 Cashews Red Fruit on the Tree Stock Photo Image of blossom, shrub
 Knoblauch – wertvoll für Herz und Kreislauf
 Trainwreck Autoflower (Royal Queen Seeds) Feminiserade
------------------------------------------------------------
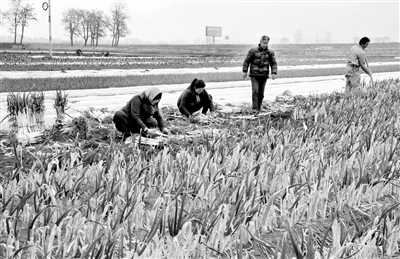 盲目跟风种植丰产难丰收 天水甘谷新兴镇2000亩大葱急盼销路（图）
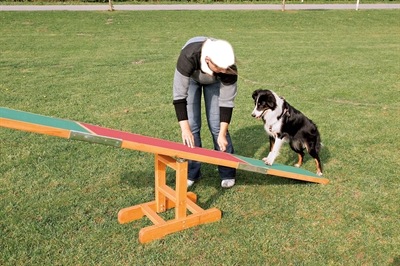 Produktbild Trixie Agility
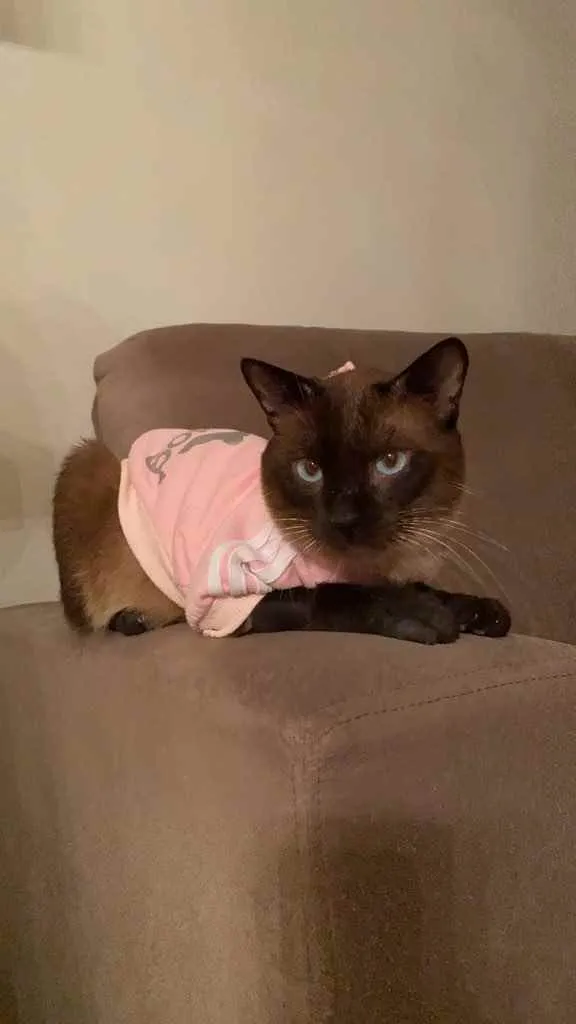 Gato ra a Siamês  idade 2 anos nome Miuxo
------------------------------------------------------------
TO DO:
Your answer should be the exact lines above from the one with "Knoblauch – wertvoll für Herz und Kreislauf" through the one with "Trainwreck Autoflower (Royal", both included, and nothing besides.

ANSWER TO THE EXERCISE:
 Knoblauch – wertvoll für Herz und Kreislauf
 Trainwreck Autoflower (Royal Queen Seeds) Feminiserade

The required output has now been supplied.